Pegasus can also be used to turn on the phone's microphone to engage in 'environmental sound recording'. This is done by 'silent calling' the phone when it is in idle mode, when the device is not in active use, and the screen is turned off. This call is aborted as soon as the target answers the phone — but this is enough for Pegasus to infiltrate it.
For me the most worrying component of Pegasus was the lessons it had learnt from its opponents. Onion ring routing, where messages are hidden by layers of encryption (just like the layers of an onion) is usually implemented by free software applications like TOR that are used by human rights defenders to avoid surveillance and circumvent censorship.

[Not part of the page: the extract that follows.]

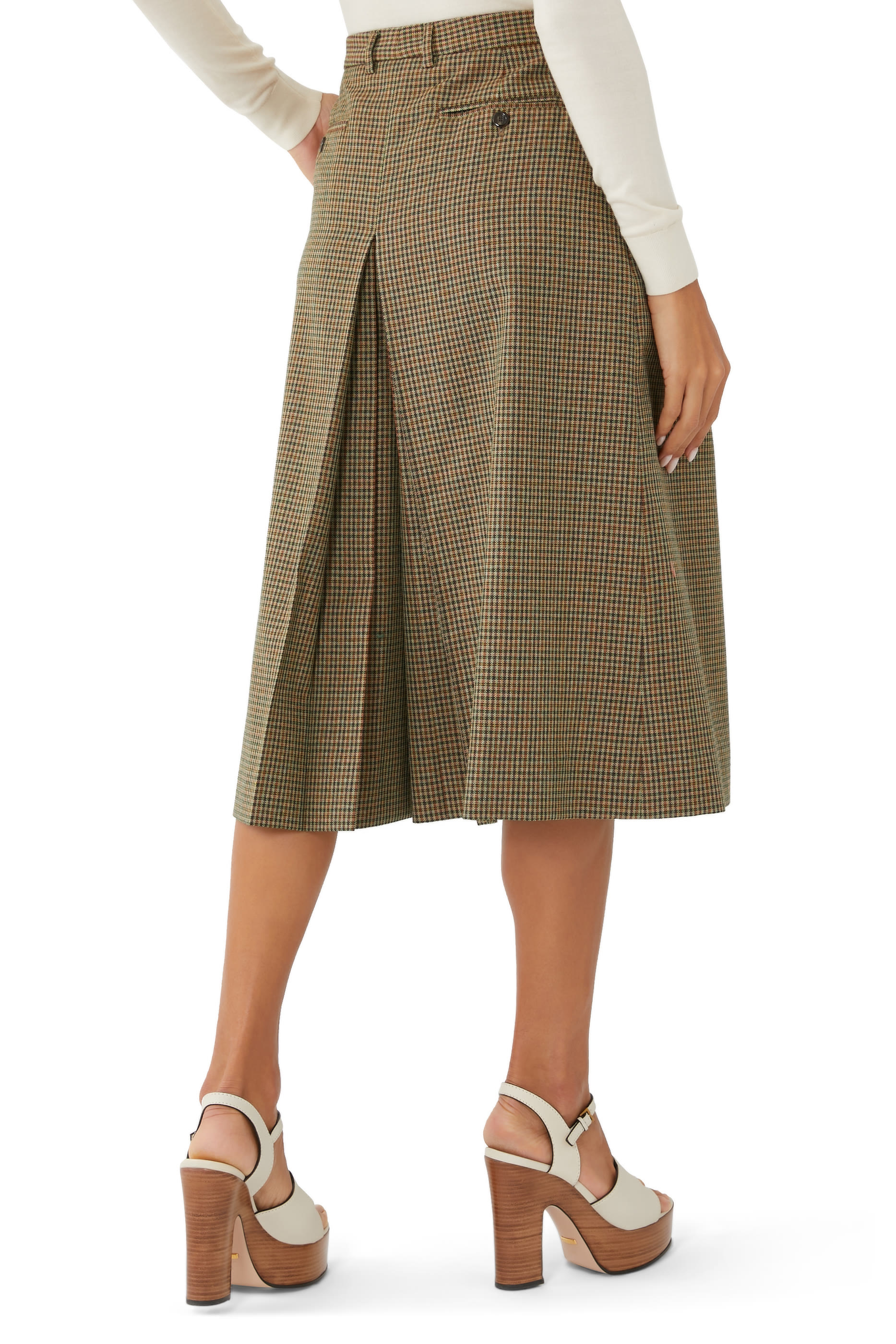 Houndstooth Wool Trousers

In a similar fashion, NSO offers a customised Pegasus Anonymising Transmission Network (PATN), with anonymising servers located across the world. This, then, enables governments to have plausible deniability when researchers — such as those at Citizen Lab in the University of Toronto — start digging into illegal surveillance of civil society and make discoveries like Pegasus, public.
Solutions such as a largescale shift to open source alternatives like Signal will only work in the short run, since these are likely to then become the target of companies like the NSO. So free software is part of the solution — but not the whole solution. WhatsApp should fully acknowledge its technical debt to open standards and free software, and should increase its support of free software projects like Signal and contribute to the hardening of standards at the global regulatory body, the Internet Engineering Task Force. While governments have a difficult dance to dance with their legal hacking programmes, they, too, must press for free software and open standards to ensure a secure future for us all.
Context and Background
This column was written in the immediate aftermath of reports revealing the use of Pegasus spyware to target lawyers, journalists and activists, bringing global attention to the mechanics and consequences of so-called legal hacking. Rather than treating Pegasus as an isolated scandal, the article situates it within a broader technological and policy ecosystem that includes zero-day vulnerabilities, export controls, encryption standards and surveillance law.

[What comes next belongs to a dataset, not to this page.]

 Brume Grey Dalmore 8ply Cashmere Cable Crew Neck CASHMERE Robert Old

Abraham explains how legal hacking differs from traditional demands for encryption backdoors, relying instead on undisclosed software flaws that are exploited without user awareness or consent. While such techniques are often justified as narrowly targeted and lawful, the article highlights how they create powerful incentives to keep systems insecure, thereby exposing ordinary users, businesses and civil society to long-term risks.
The piece also underscores the absence of a comprehensive legal framework in India governing surveillance, legal hacking and post-facto accountability. In contrast to jurisdictions that attempt to impose proportionality, disclosure obligations and oversight, India relies largely on fragmented provisions in the IT and telecom laws, with no clear requirements for transparency or remedy.
By detailing the technical sophistication of Pegasus and its ability to evade detection, the article argues that technological fixes alone — such as shifting platforms or applications — are insufficient. Instead, it calls for strong anti-surveillance laws, robust export controls, and sustained support for open standards and free software as the only durable safeguards against abuse.